概要・あらすじ
異世界・オベルボリアにあるコンタイル王国の第三王女・ミオは、クーデターで国を追われる。宮廷魔術師・キートの尽力で、オベルボリアとの接点となっている日本の街・宵街銀座商店街へ逃れることに成功したミオは、日本を制圧して国を奪還するための兵力にしようと目論む。しかし商店街には、かつてオベルボリアを滅ぼそうとした魔王・ドゥガイを祖父に持つ女子高生・堂海刹里や、オベルボリアの英雄が日本で興した剣術を修めている男子高生・仄木疾斗といった超人的な力を持つ人間が何人もおり、ミオの野望はあっという間に潰えてしまう。
こうしてミオは、刹里の喫茶店・モーニングバスターの住み込みウェイトレスとして働かされながら、王国奪還の野望を燃やすのだった。
登場人物・キャラクター
ミオ・リエン・コルゴナット (みおりえんこるごなっと)
異世界・オベルボリアにあるコンタイル王国の第三王女。宰相によるクーデターで国を追われ、宮廷魔術師・キートの力で、オベルボリアとの接点となっている日本の街・宵街銀座商店街へ逃れることに成功した。

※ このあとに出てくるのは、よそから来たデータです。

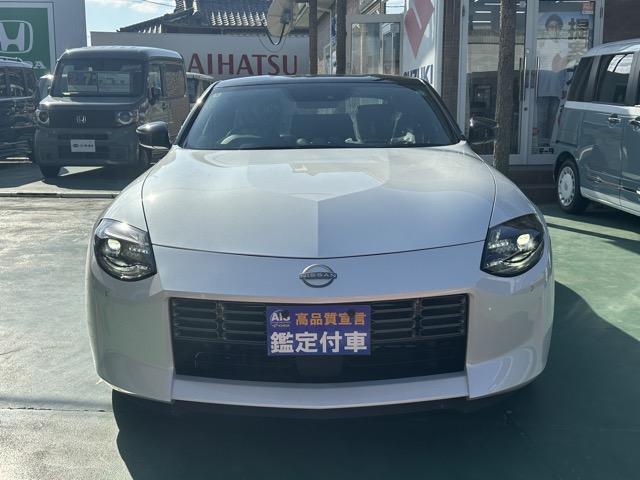 フェアレディZ バージョンS 6MT エマージェンシーブレーキ LEDヘッドランプ NissanConnectナビゲーション ETC2.0 本革巻ステアリング・シフトノブ 3連サブメーター デュアルエキゾースト 登録済未使用車(29枚目)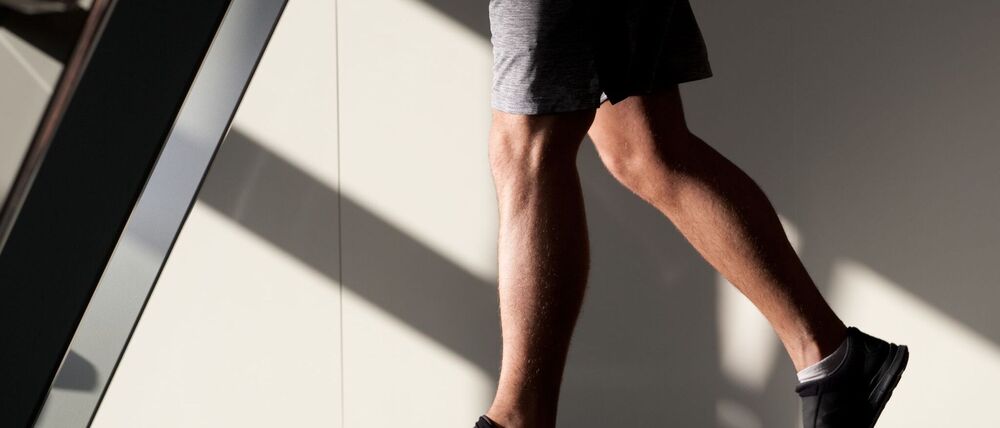 Ob es ein Fitnessgerät zu Hause gibt, ist auch eine Frage des Geldes. (Symbolbild)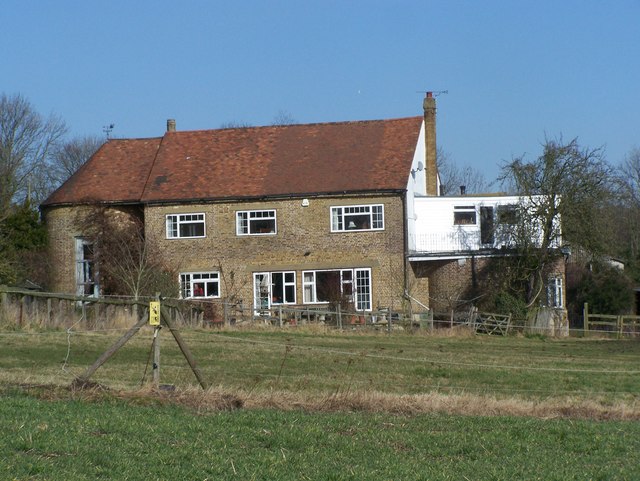 Barty Farm Oast House © David Anstiss :: Geograph Britain ...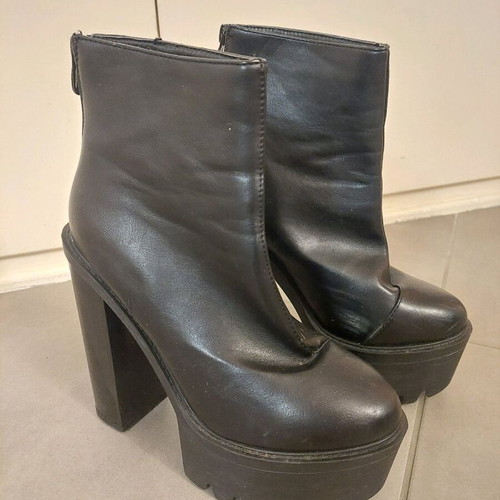 High-heeled ankle boots used, size 38, black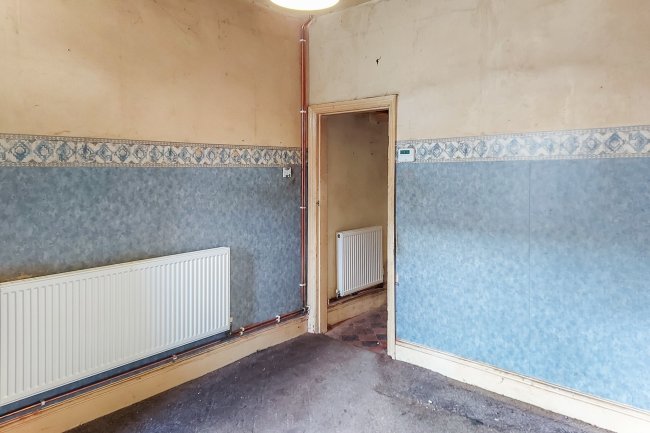 44 Grindle Road, Longford, Coventry, Warwickshire CV6 6BX 5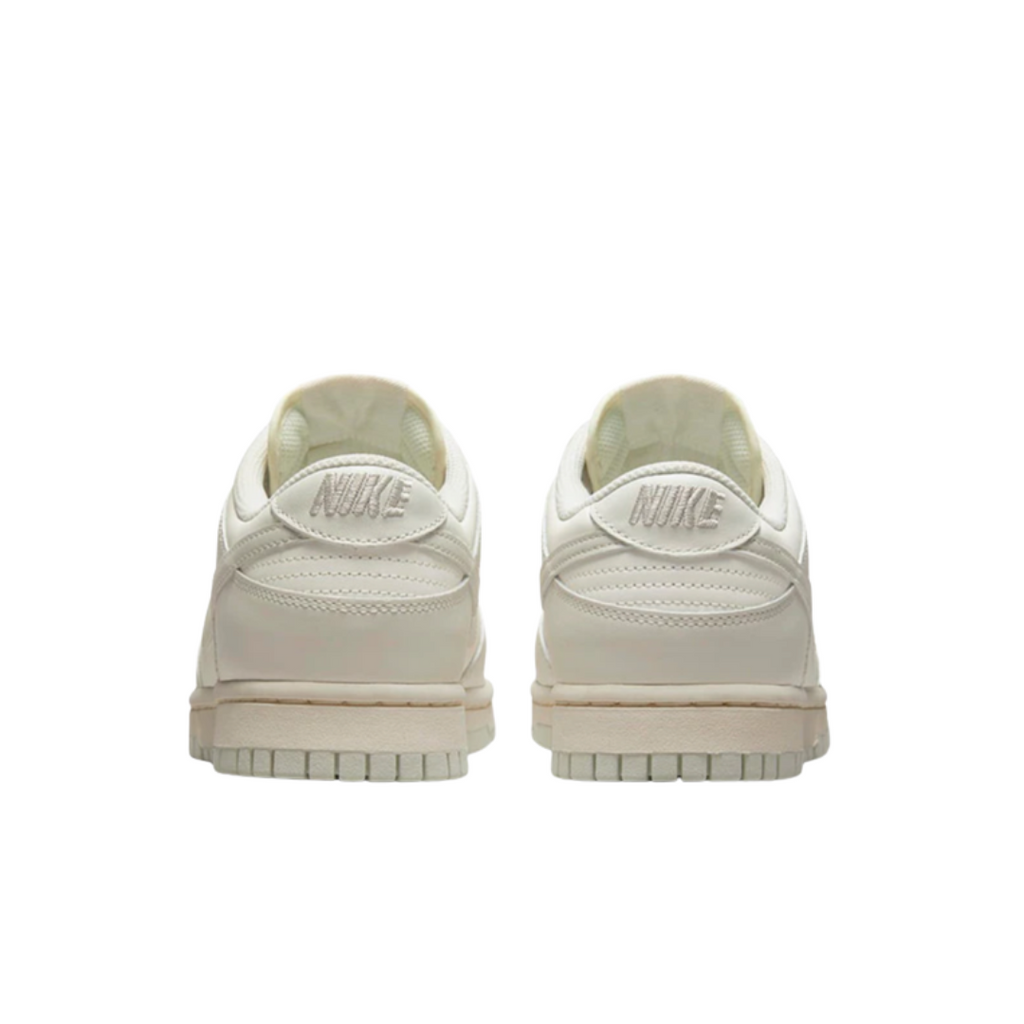 DUNK LOW LIGHT BONE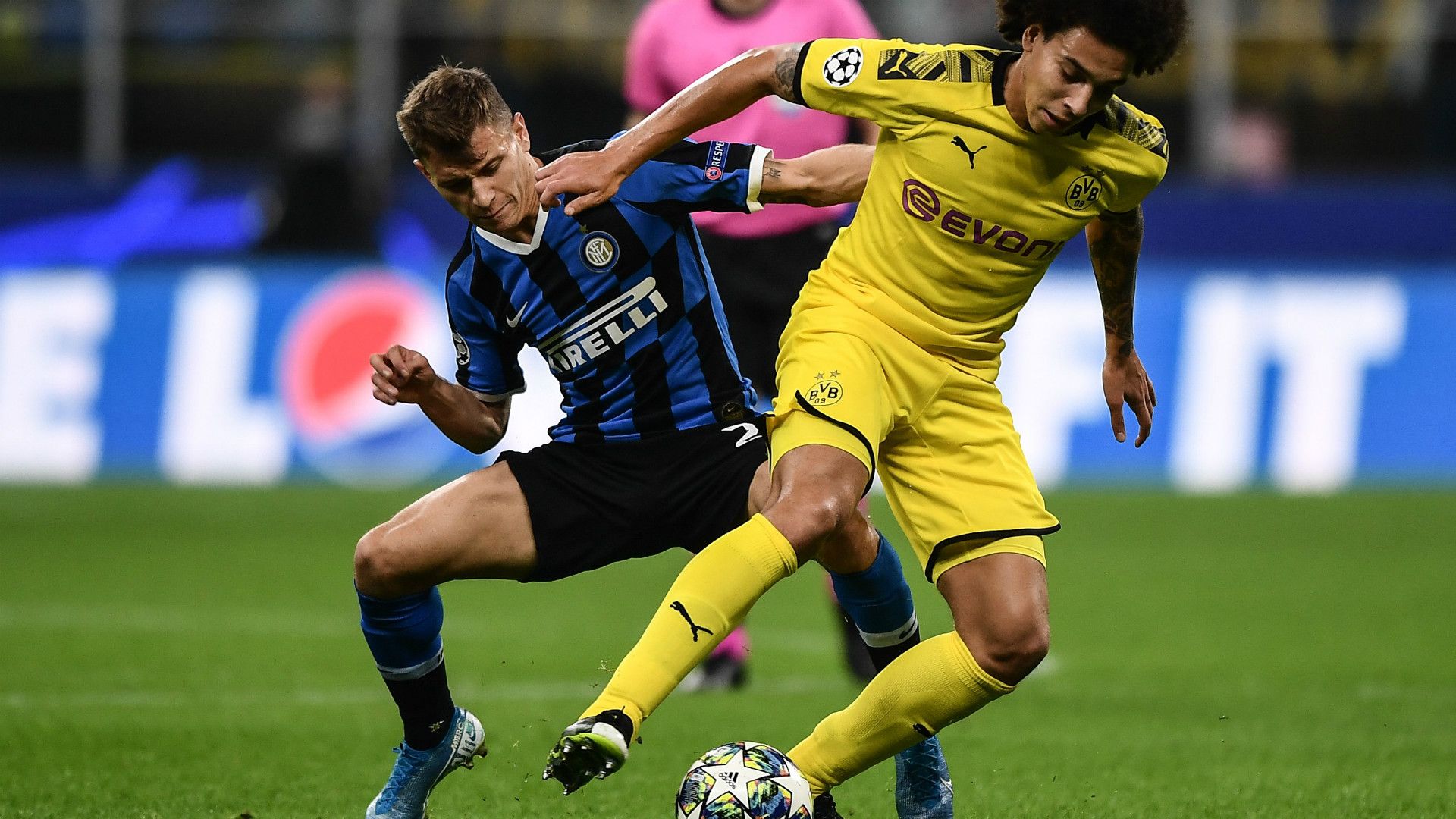 NICOLO BARELLA INTER AXEL WITSEL BORUSSIA DORTMUND CHAMPIONS LEAGUE 23102019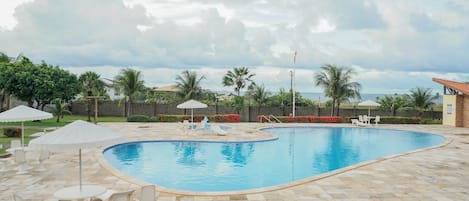 基本小木屋 | 泳池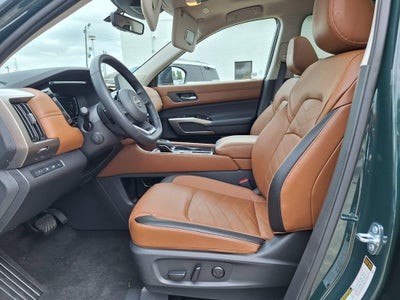 2025 Nissan Pathfinder Platinum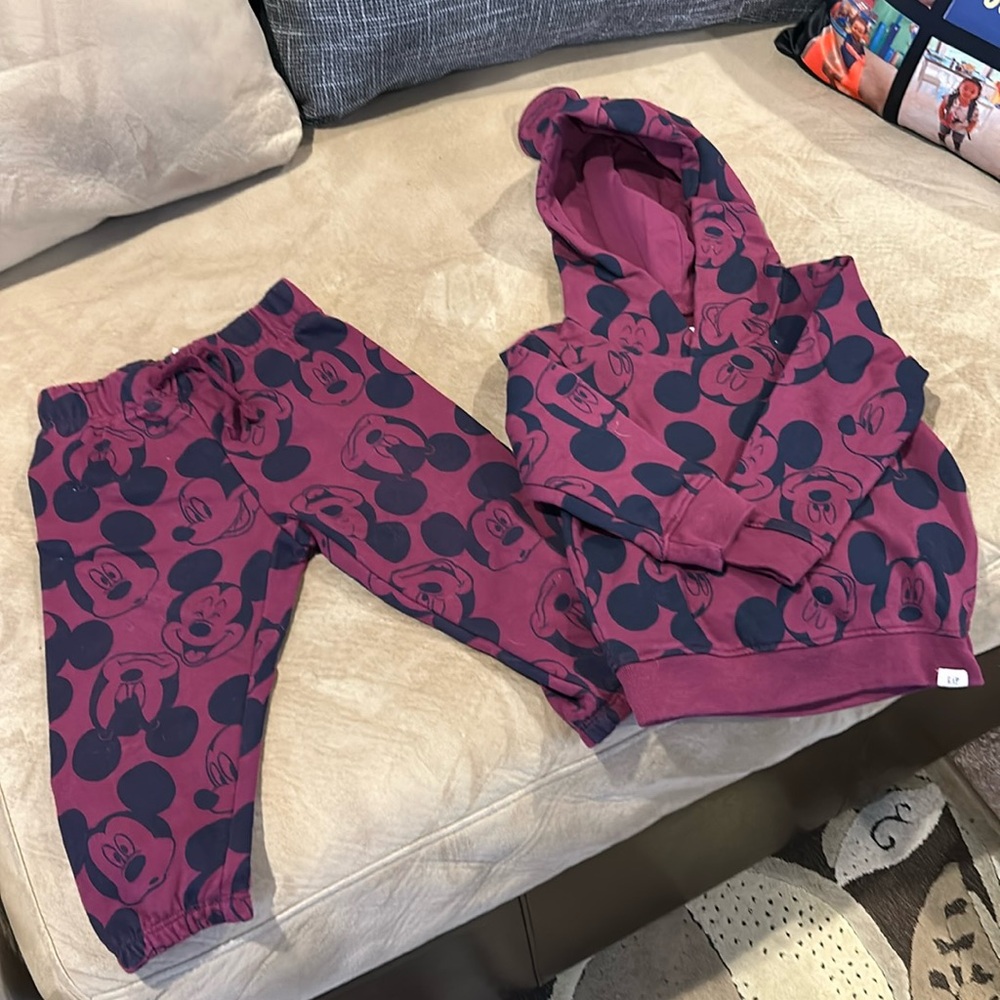 Gap Disney Toddler Sweatsuit 18 to 24 months
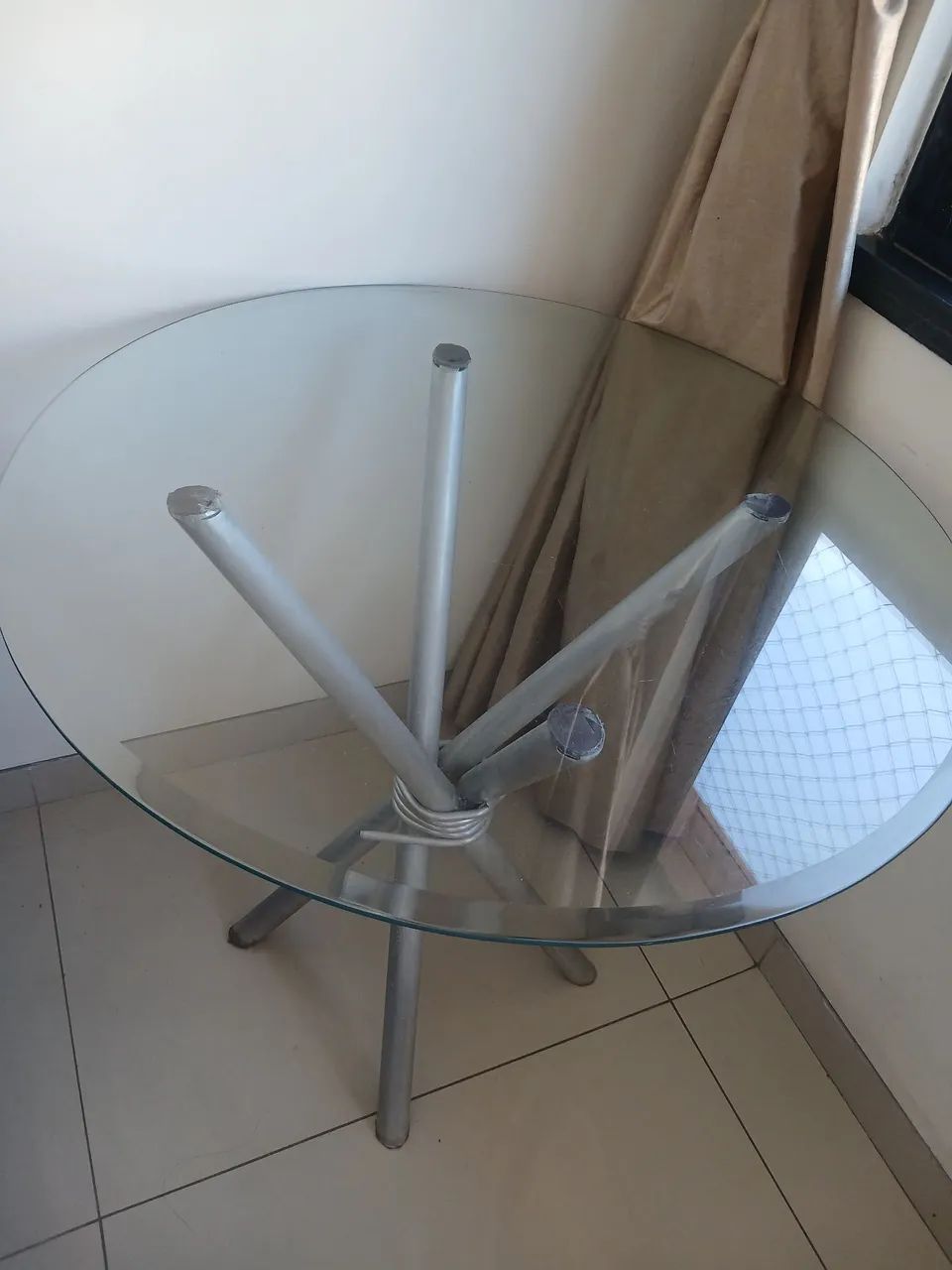 Mesa redonda média por R$ 249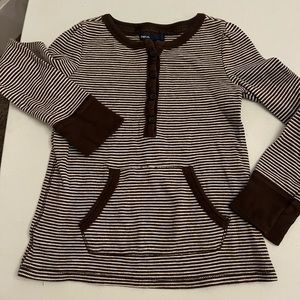 GapKids long sleeve shirt with front pocket and button up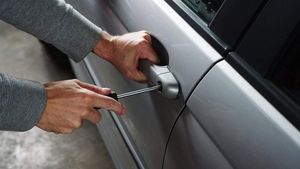 A găzduit un prieten peste noapte, dar s-a ales cu mașina furată. Unde l-au găsit oamenii legii pe hoț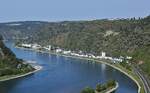 Kaum zu erkennen ist auf dieser Aufnahme vom Loreleyfelsen am 11.10.2023 der VIAS-Flirt auf seinem Weg als RB 10 auf der Rheingau-Linie (Neuwied - Frankfurt am Main) aus St. Goarshausen ausf�hrt (ganz rechts im Bild). Etwas rechts der Bildmitte ist der Stadtturm zu sehen, ein viereckiger Wehrturm aus dem 14. Jahrhundert und dar�ber die zwischen 1360 und 1371 erbaute Burg Katz, urspr�nglich Neukatzenelnbogen. Links auf einer Anh�he im Hintergrund die ab 1356 erbaute Burg Peterseck, aus der Volksmund wegen der Nachbarschaft zur Burg Katz Burg Maus machte.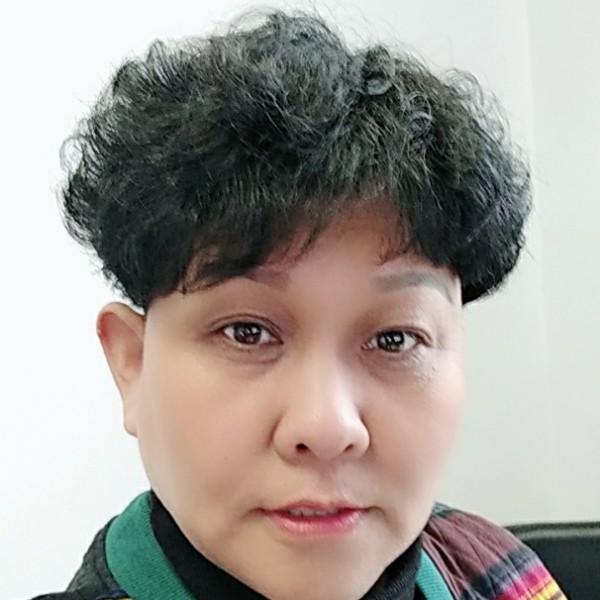 宁静致远的人的照片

日本を制圧して国を奪還するための戦力にしようと試みるが、堂海刹里の持つ魔王の力の前にあっさりと敗北し、刹里の喫茶店・モーニングバスターの住み込みウェイトレスとして働かされる羽目になる。
堂海 刹里 (どうがい せつり)
宵街銀座商店街にある喫茶店・モーニングバスターの娘で、16歳の女子高生。両親はどこかに出かけたまま連絡がない状態のため、一人暮らし。異世界・オベルボリアをかつて滅ぼそうとした大魔王・ドゥガイを祖父に持つことから、その身に圧倒的な力を宿しており、拳銃で撃たれても傷一つつかないほど。 あまりにその力が強大すぎるため、普段は力を制御するための腕輪をつけている。
仄木 疾斗 (ほのき はやと)
宵街銀座商店街の住人の一人で、堂海刹里の隣の家に住んでいる16歳の男子高生。異世界・オベルボリアの伝説の剣士・クヅナの興した流派である真桜クヅナ流の三代目であり、その戦闘力は非常に高い。刹里のことが好きで、周囲にもそれはバレバレだが、肝心の刹里が鈍感すぎるために気づいてもらえていない。 料理が得意で、毎日刹里の弁当も作っている。
久玉 雫 (くだま しずく)
堂海刹里や仄木疾斗の友人である眼鏡をかけた女性で16歳。宵街銀座商店街で唯一、普通の人間の高校生である。学校では生徒会副会長をしている。
仄木 薫 (ほのき かおる)
宵街銀座商店街の住人の一人で、仄木疾斗の姉である2X歳の女性。異世界・オベルボリアの伝説の剣士・クヅナの興した流派である真桜クヅナ流を修めており、魔王の力が暴走した堂海刹里を一撃で黙らせるほどの規格外の戦闘力を持つが、本人の弁では、これでもまだ町内で最強というわけではないらしい。
山田 寿里須 (やまだ じゅりす)
小悪魔の女性で、堂海刹里や仄木疾斗のクラスメイト。仄木疾斗をしきりに誘惑するが、相手にされていない。コウモリに変身することができる。土地の持つ力で実体化できているが、その実は霊体であり、存在がやや不安定。
キート
異世界・オベルボリアにあるコンタイル王国の宮廷魔術師で、クーデターが発生した際に、転移魔法でミオを宵街銀座商店街へと逃れさせた。その後自らも転移を試みるが、魔力の損耗が激しかったため、宵街銀座商店街にたどり着くことには成功したものの、実体を失ってネコの姿となってしまっている。 ネコの姿とはいえ魔法などは使用可能であり、ミオの従者としてともに王国奪還を目指す。
場所
宵街銀座商店街 (よいまちぎんざしょうてんがい)
日本の来宜須(きぎす)市小蕩木(ことろぎ)町に位置する。古くから異世界・オベルボリアと日本との接点であり、特に第二次世界大戦の頃は交易が盛んだった。商店街は戦後の闇市がルーツとなっている。オベルボリアからの移住者やその子孫も多く、そのため住民は堂海刹里のような異能の持ち主だらけとなっている。
オベルボリア
『宵街オーバーロード』に登場する異世界。魔法やドラゴン、オークなどが存在する、ファンタジー的世界である。ミオやキートの故郷であり、宵街銀座商店街のある小蕩木(ことろぎ)町を介して日本とつながっているが、何らかの事情によってここ20年ほど交流は途絶えている。
その他キーワード
クドラの瞳 (くどらのひとみ)
異世界・オベルボリアの伝説の秘宝であり、国から逃げることになったミオが託されたもの。山田寿里須のような霊体に大きな力を与えるほか、相手の自由を制限し操ることのできる「契約の魔法」の力を持っている。